Adidas’ planned release of its “JS Roundhouse Mids” shoes has been put on hold, but the rightful outrage continues.
The sight of “slave shoes”---sneakers with shackles and chains---prompted widespread indignation and outrage. “The attempt to commercialize and make popular more than 200 years of human degradation, where Blacks were considered three-fifths human by our Constitution is offensive, appalling and insensitive. Removing the chains from our ankles and placing them on our shoes is no progress,” writes Jesse Jackson. “For Adidas to promote the athleticism and contributions of a variety of African-American sports legends … and then allow such a degrading symbol of African-American history to pass through its corporate channels and move toward actual production and advertisement, is insensitive and corporately irresponsible.”
The shoes are yet another reminder of the efforts to sanitize and erase slavery from public consciousness. Whether in the efforts to whitewash history through denying or minimizing the history of slavery, or turning slavery into sources of profit and pleasure, the shoes speak to an effort to reimagine slavery within White America. Whereas the history of slavery is one of violence, bloodshed, and survival in the face of brutality, these shoes disrespect the memories and atrocities at the heart of this country. In turning its symbols – shackles and chains – into something of trendy desire and pleasure, these shoes and its designers not only spit on this history but seek to cash in on the pain and suffering of many people.
The marketing of the shoes also disturbingly capitalize on incidences of shoe violence and media sensationalism. According to the Philadelphia Inquirer, “On Adidas' Facebook page, the company calls the shoe 'so hot you [will need to] lock your kicks to your ankles.’” Like those pundits, politicians, and media who sold fear by citing kids being murdered for their shoes, Adidas sees an opportunity in exaggerated stories of death. By telling its consumers that “yes others will desperately want your shoes but not to worry, they are on lockdown,” the company is selling consumers a footwear version of LoJack. As with the politicians and media pundits before them, Adidas is continuing a tradition of peddling and proofing off of racial fears and stereotypes.
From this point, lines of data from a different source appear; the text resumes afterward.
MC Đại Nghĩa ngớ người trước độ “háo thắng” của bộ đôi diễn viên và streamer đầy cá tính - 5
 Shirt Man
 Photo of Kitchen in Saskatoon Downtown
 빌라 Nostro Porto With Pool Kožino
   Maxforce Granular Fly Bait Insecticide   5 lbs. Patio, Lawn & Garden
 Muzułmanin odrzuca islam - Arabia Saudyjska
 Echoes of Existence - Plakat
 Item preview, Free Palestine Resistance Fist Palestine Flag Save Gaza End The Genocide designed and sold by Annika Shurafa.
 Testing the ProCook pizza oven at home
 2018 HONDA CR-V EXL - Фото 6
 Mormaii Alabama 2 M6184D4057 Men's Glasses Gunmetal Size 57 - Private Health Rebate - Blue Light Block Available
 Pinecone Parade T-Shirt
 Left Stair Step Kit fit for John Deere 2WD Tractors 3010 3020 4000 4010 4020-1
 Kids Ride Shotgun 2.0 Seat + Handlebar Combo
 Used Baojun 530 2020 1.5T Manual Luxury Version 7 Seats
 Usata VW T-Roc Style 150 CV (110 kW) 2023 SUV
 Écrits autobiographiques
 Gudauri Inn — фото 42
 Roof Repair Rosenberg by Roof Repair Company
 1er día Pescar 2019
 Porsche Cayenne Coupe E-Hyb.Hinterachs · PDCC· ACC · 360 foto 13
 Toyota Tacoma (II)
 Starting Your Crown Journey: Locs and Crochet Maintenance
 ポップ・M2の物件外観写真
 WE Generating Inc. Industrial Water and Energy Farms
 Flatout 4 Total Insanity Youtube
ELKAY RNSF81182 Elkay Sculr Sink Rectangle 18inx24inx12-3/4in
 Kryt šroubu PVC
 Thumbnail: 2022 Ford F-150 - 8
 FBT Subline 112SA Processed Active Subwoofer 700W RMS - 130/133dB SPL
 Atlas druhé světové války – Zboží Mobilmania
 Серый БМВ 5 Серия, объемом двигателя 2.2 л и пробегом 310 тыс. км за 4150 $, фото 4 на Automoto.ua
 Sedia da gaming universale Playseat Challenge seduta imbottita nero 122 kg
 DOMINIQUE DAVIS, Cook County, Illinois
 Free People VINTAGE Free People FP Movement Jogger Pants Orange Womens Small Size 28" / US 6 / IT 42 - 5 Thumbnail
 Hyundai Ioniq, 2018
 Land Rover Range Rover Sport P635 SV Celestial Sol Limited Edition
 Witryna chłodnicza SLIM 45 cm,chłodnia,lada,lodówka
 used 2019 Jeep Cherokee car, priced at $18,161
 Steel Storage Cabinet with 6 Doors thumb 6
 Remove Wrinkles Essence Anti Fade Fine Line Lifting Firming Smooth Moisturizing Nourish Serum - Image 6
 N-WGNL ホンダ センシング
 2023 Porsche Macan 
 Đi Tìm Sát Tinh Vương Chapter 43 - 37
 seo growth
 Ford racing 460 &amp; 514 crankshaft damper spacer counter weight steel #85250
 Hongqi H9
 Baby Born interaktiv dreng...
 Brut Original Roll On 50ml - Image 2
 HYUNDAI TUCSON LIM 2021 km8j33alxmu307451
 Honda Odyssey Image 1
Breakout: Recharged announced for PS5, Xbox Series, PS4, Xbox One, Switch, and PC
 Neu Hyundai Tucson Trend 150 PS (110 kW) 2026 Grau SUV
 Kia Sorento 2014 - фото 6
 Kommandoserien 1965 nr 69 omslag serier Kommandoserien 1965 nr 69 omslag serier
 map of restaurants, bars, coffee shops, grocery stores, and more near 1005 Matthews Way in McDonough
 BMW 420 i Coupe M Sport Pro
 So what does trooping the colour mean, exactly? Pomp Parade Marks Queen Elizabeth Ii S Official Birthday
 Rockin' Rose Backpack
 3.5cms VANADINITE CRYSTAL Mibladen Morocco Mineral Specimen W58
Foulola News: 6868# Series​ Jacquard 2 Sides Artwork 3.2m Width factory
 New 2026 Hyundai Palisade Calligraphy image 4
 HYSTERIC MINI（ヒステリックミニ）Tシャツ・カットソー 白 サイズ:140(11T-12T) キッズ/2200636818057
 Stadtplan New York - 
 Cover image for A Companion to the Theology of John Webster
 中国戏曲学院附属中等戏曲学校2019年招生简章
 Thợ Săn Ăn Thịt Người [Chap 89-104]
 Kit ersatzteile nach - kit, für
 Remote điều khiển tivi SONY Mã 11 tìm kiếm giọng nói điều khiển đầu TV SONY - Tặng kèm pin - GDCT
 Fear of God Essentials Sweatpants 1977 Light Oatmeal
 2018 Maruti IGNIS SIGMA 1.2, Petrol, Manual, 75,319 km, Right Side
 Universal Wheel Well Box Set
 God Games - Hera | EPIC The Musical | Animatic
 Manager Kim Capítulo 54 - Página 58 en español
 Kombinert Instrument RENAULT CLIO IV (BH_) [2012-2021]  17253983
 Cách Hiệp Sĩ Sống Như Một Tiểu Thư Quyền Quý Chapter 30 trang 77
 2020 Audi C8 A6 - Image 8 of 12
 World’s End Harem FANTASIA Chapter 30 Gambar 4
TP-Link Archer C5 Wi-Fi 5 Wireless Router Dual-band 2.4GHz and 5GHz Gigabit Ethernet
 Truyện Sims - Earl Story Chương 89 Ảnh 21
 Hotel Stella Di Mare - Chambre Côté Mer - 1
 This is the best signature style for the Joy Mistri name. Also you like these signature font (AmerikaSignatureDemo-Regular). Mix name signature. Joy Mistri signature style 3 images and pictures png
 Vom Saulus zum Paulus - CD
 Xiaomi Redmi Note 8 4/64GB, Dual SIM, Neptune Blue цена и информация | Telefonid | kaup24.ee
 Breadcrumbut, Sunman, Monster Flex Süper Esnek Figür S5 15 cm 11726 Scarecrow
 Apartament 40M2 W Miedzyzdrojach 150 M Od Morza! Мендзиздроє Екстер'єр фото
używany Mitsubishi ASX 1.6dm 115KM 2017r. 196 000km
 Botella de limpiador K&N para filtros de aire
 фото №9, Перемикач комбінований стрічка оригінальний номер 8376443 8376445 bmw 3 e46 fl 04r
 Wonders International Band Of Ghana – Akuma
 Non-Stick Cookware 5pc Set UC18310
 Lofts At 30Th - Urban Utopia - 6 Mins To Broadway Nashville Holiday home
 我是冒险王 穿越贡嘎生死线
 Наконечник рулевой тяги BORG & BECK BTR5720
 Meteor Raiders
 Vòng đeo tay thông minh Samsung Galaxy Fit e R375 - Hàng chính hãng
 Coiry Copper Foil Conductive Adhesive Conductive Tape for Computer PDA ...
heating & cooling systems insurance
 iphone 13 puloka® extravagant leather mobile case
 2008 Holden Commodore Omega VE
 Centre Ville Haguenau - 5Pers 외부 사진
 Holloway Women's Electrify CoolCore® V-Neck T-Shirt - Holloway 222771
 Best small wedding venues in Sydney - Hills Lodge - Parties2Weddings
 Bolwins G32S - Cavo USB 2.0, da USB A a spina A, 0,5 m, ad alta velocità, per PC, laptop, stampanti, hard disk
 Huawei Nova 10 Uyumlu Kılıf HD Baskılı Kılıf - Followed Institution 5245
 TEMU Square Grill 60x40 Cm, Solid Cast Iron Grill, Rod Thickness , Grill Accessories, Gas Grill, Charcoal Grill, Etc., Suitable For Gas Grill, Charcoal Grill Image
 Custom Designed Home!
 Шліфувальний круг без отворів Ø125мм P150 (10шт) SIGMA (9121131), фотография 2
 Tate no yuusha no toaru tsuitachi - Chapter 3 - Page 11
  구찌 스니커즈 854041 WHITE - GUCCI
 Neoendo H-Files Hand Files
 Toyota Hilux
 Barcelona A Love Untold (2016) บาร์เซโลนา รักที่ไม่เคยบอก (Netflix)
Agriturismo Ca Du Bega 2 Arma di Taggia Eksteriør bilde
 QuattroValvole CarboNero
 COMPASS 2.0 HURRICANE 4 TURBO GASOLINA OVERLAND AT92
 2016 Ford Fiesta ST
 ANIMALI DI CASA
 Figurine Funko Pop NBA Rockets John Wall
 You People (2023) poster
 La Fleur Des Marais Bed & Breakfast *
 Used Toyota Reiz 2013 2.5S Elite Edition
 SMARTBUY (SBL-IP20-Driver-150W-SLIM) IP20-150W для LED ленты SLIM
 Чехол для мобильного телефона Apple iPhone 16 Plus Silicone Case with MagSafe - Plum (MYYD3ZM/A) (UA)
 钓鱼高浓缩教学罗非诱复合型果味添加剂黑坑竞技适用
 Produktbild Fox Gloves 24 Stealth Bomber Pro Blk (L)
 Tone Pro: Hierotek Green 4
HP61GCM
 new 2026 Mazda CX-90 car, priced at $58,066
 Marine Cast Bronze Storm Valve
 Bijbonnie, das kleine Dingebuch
As the history of shoe production has been one of exploitation, abuse and “slave-like” conditions, there is sickening irony in these shoes. Do the shackles and chains attached to the shoes mirror those that have been found on children’s feet? Does it symbolically reflect the sweatshop conditions endured by those who produce shoes and apparel throughout the globe? As we look to Indonesia, we are able to see clear answers. According to the Clean Clothes Campaign, an organization that has documented countless atrocities, Adidas shackles its workers through exploitation and abuse:
Do the shackles and chains attached to the shoes mirror those that have been found on children’s feet? Does it symbolically reflect the sweatshop conditions endured by those who produce shoes and apparel throughout the globe?
"The facts of this case are clear: 2,800 workers, many of whom were earning as little as US $ 0.60 per hour during their employment, have been deprived of thousands of dollars in severance payments. This is money they earned in part through the production of goods that has helped to contribute to Adidas’ profits, which last year were up 18%."
A recent report from The Independent found that clothing planned to be worn by British athletes and volunteers during the 2012 Olympics is being produced for Adidas in sweatshops. Working 65-hour per week and earning as little as $1.00 dollar an hour in 9 Indonesian factories “that have contracts to produce Olympic shoes and clothing for Adidas,” these workers endure the horrors of the global apparel industry. Did workers that are literally and symbolically shackled produce these shoes, punctuating the profits generated from the pain and suffering resulting from shackles and chains? Not surprising bloodstains and chaffed skin are not included in the chains that were to be sold at local shoe stores.
Noting his “disappointed by this completely-missing-the-point coverage of the Adidas controversy,” Jay Smooth reminds us in a Facebook post about the important questions that need to be asked about the shoes and our collective response. “Can we please stop dumbing down every race-related conversation into some oversimplified & irrelevant "is he/she really a racist" debate? The question is “does the photo of the shoe that people saw last week creepily evoke slavery and imprisonment.” It is without question, whether thinking about slavery, mass incarceration, sweatshops, and the history of violence, these shoes evoke pain and suffering and in doing disrespect, deny, and obscure the ongoing history of injustice.
As Jay Smooth makes clear, “REGARDLESS OF ANYONE'S INTENTIONS. Intentions are not magic.” I don’t care about Adidas’ intentions, I care about how their shoes are made, and how they continue a tradition of putting profits ahead of people and truth.